Next comes the product itself. It’s likely that many of your potential investors will not be able to meet you in person, so they must base their decision to back you or not on how well you describe what your product is and how it works. Which brings us onto…

The video

Almost all crowdfunding sites will ask you to produce a video detailing all of the above. This is your chance to connect with your audience and describe the opportunity, so you must wrap a powerful sales message inside a colourful story.

Although creating and producing your video will likely be one of the most expensive parts of your campaign, it’s important to get it right. Deliver key messages simply, use graphics to illustrate any data you refer to and get a professional editor to make the whole thing come alive.

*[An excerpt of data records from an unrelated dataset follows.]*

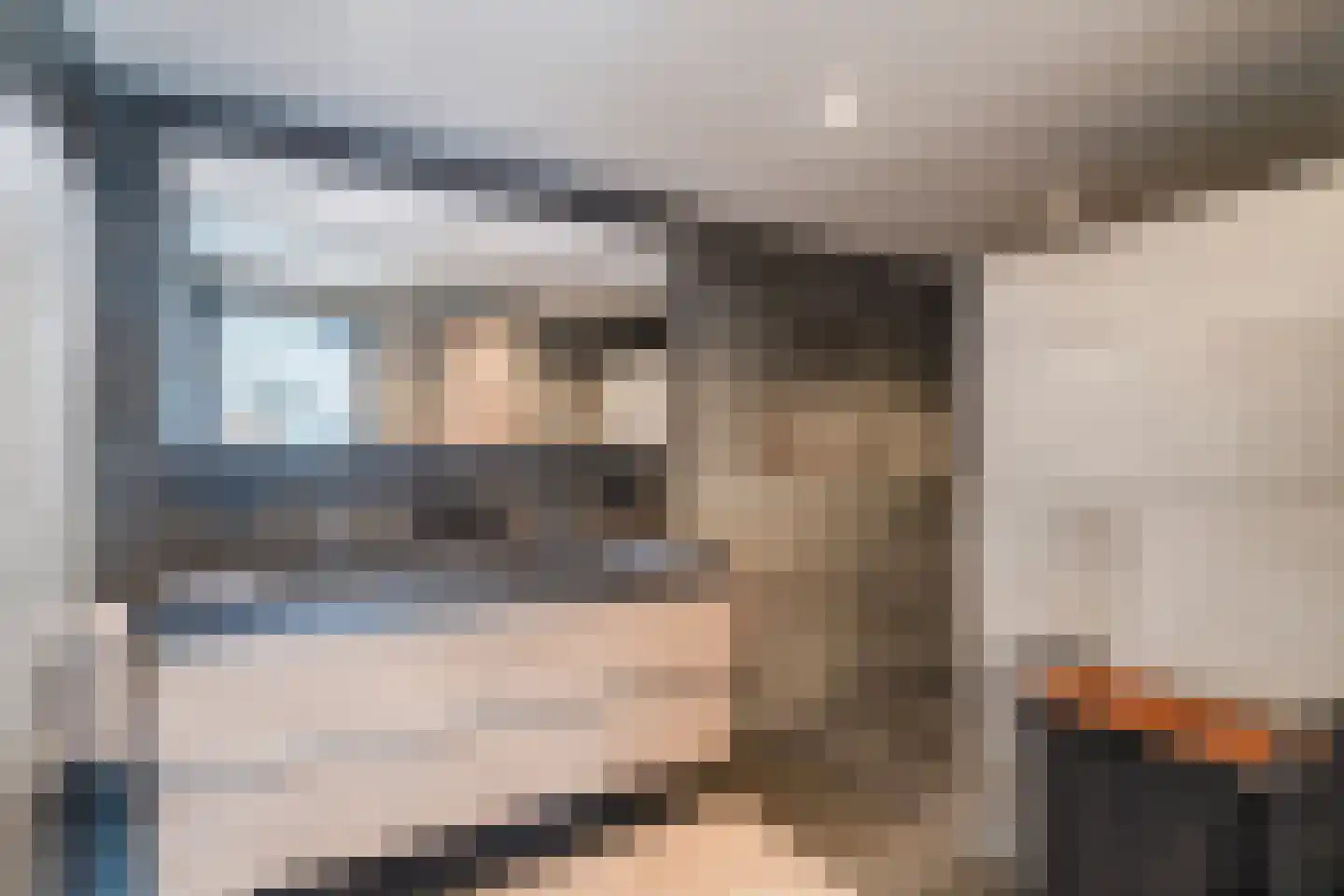 Geeresteinselaan 38 Woudenberg thumbnail 30
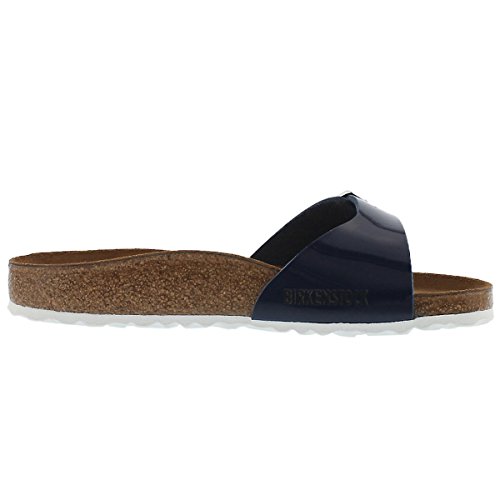 Image of Birkenstock Gizeh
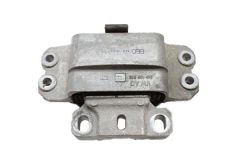 Silentblok Motora 1K0199555CA B10992 VW Audi Seat Skoda Borsehung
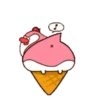 🍦•🐧Pingüino helado🐧•🍦 Mov 29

This needn’t break the bank, says Goh: “The video is important, but with new technology it’s possible to create something of real quality without spending big. Many new smartphones shoot in 4K, for example, and you can buy a clip mic and a stand for £30.

“If you can’t do things like voiceovers and video production yourself, spend time researching freelancers who can do the job more cheaply than the big media agencies,” he recommends.

The network

You rarely hear it said of crowdfunding campaigns, but never underestimate the importance of your own network. Many platforms give you a period of a week or two before your campaign goes live to start the ball rolling with investments from your friends, family, former colleagues and peers.

This is important for two reasons: one is obviously that it gets you nearer to your desired total, and the other is that investors look for opportunities with existing backing. The crowd is a proving ground for business, so the more people back you early, the more will want to pile in later on.

Crowdfunding sites often require a level of funding to take place before they will allow your pitch to go live. They want to see strong backing for your product from multiple sources as proof of its potential.

“It’s important to get momentum early,” says Goh. “We tapped into an extensive network to drum up interest through events, presentations, social media and PR. It’s an investment of time and money, but essential if you are going to succeed.”